While Bcc is a known threat to patients with CF, its potential to infect and harm non-CF individuals is less well established. Infection in the non-CF population is most commonly nosocomial via contaminated hospital equipment, but horizontal transmission from CF patients has been reported [7, 8, 12, 13, 19]. Bcc bacteremia in non-CF patients is most often related to direct bloodstream access via contaminated peripheral or central intravenous catheters, with resolution of symptoms after removal of the contaminated equipment [13]. Pulmonary infection in non-CF patients is similarly nosocomial and nearly always related to mechanical ventilation and contaminated water [12]. We suspect that our patient most likely acquired the infection via respiratory equipment, as he received nebulizer therapy, noninvasive ventilation, and ultimately invasive ventilation over the course of his hospital stay.
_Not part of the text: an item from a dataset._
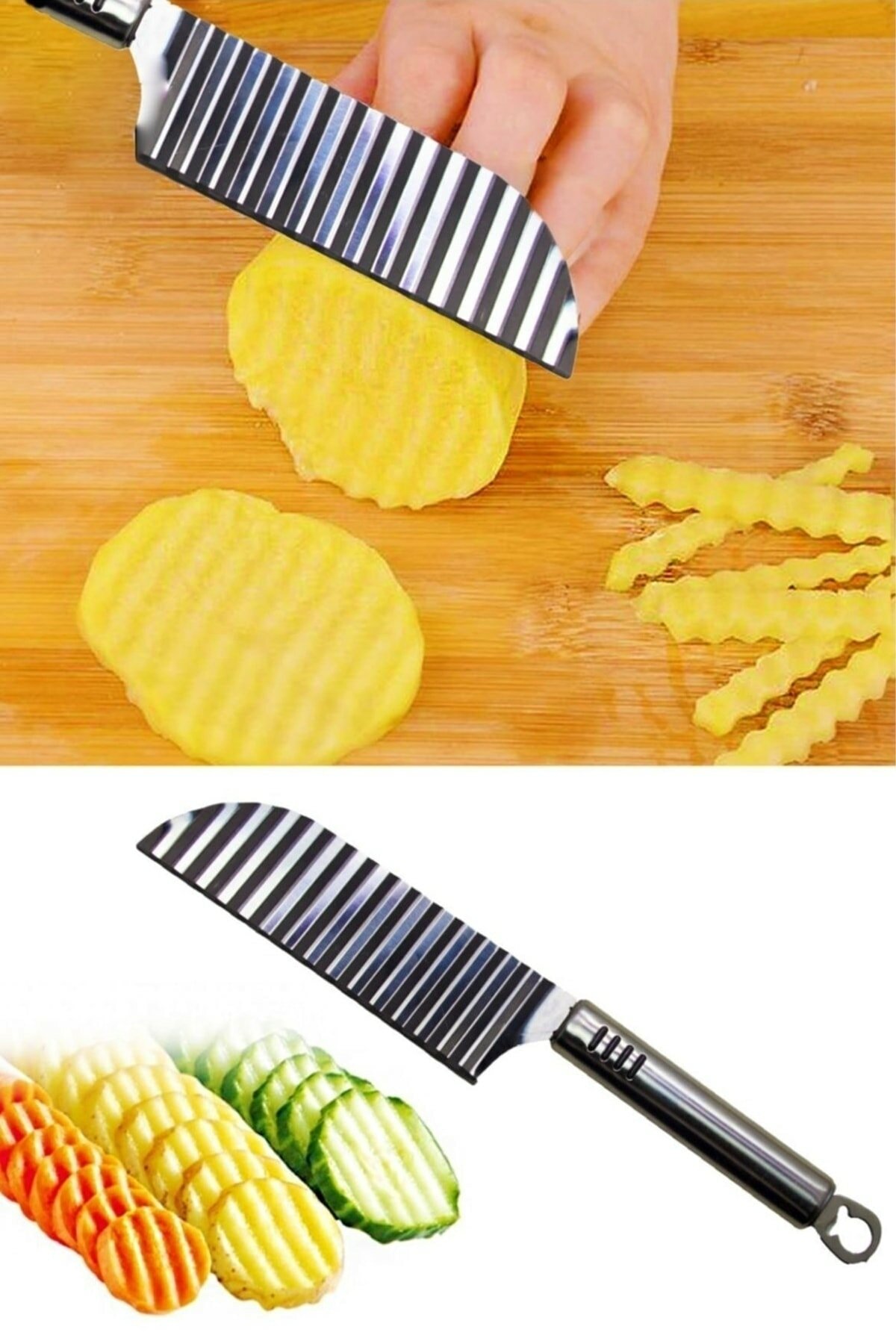 Serrated Potato Cutting Knife - Shaped Vegetable and Fruit Slicer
Other reported sources within hospitals described in the literature include disinfectants, antiseptics, topical anesthetics, respiratory therapy equipment, mouthwash, and lotions [2022]. Horizontal transmission between CF and non-CF patients is thought to occur in some hospital situations when infection control guidelines are unclear or inadequately followed [8, 19]. Ledson et al. described a rare case of social Bcc transmission from colonized children with CF to their healthy, non-CF mother outside of the hospital, causing a chronic bronchiectasis [7]. In many cases, however, the source of infection remains unknown [8, 19, 21].
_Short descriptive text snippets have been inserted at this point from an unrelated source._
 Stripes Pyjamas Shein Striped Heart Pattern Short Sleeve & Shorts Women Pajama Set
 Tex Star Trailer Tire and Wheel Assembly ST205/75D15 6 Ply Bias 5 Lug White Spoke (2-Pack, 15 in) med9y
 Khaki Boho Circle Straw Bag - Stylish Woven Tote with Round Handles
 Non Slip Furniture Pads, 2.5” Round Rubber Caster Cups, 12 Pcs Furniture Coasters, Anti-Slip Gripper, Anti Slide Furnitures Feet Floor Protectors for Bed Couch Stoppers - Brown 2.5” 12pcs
Bressler et al. found that significant risk factors for Bcc bacteremia in non-CF patients include having had at least 2 bronchoscopic procedures, having an indwelling venous catheter, renal failure requiring dialysis, tracheostomy, and recent abdominal surgery [8]. The patient described in this report had two of these hypothesized risk factors: a central venous catheter and renal replacement therapy. Despite their identification of several physical risk factors, causality was difficult to establish. Cases of Cepacia syndrome with varying species of Bcc have been reported in CF patients known to be chronic respiratory carriers [4, 9]. Cepacia syndrome is nearly always fatal, with only very few cases reported of successful treatment, all in CF patients [3, 5, 11]. Cases of severe Bcc lung infection other than Cepacia syndrome have been reported in immunocompetent hosts, most of which survived with appropriate antimicrobial therapy [7, 1416]. To our knowledge, however, this is the first report of Cepacia syndrome in a non-CF individual.

Historically, there has been argument over the role of Bcc as a disease-causing agent or merely as a marker of underlying lung disease [10]. For this reason, controversy remains over precautionary infection control measures once Bcc infection in non-CF patients has been identified [10, 19, 21]. Our case raises concern regarding the potential lethality of pulmonary Bcc infection in the non-CF host and the need for a framework to help guide early diagnosis and treatment of infected individuals.

Conflict of Interests

The authors declare that they have no conflict of interests.